Task objective – Copy out the full listing below as it stands, with its pictures left behind.

──────── Supplied data ────────

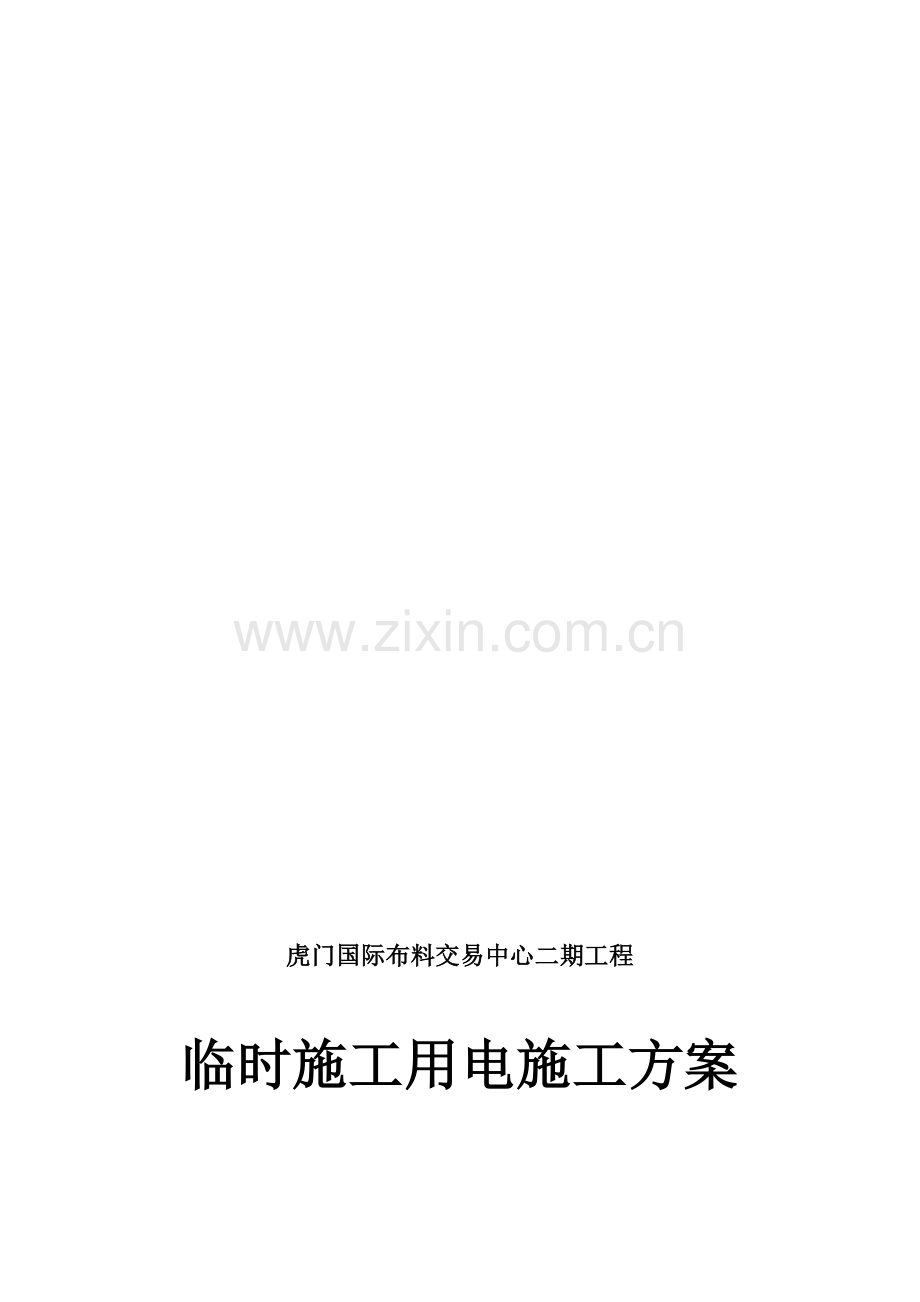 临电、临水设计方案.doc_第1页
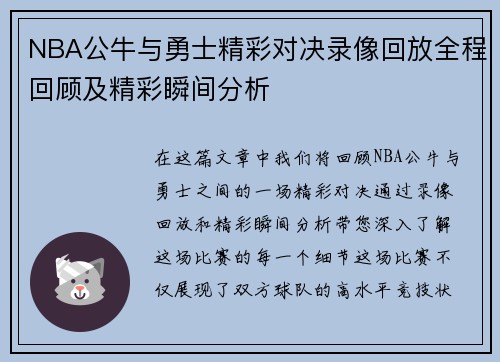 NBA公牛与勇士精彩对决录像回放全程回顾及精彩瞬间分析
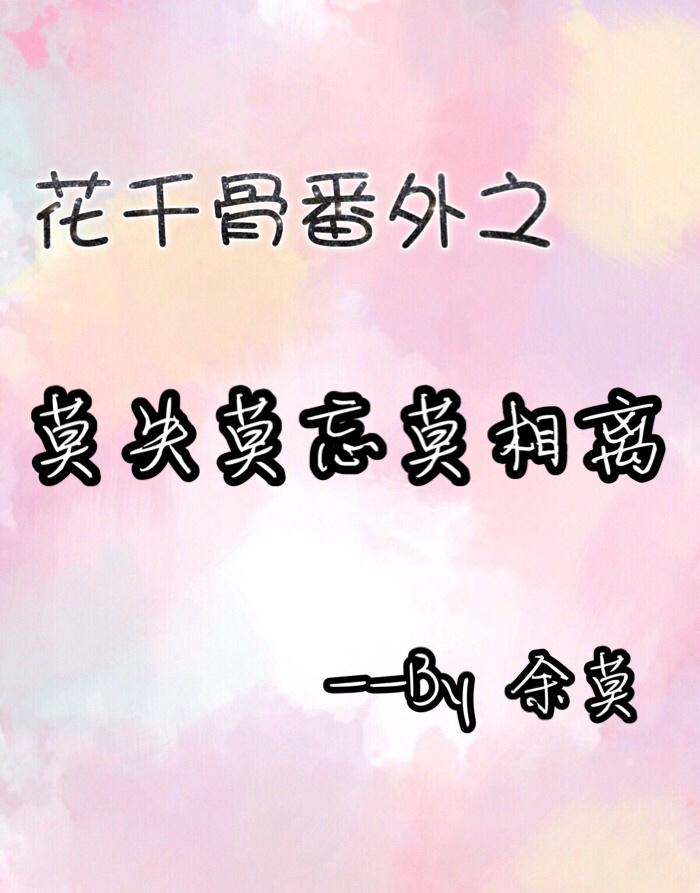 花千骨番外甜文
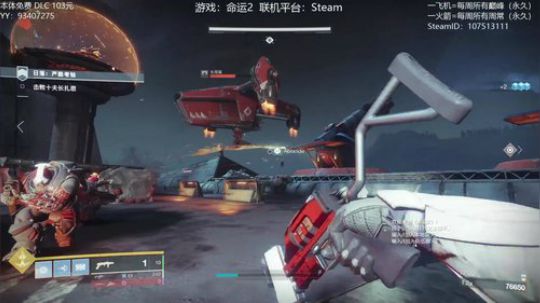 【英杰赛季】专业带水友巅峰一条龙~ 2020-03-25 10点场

────────

Answer to this problem –
 临电、临水设计方案.doc_第1页
 NBA公牛与勇士精彩对决录像回放全程回顾及精彩瞬间分析
 花千骨番外甜文
 【英杰赛季】专业带水友巅峰一条龙~ 2020-03-25 10点场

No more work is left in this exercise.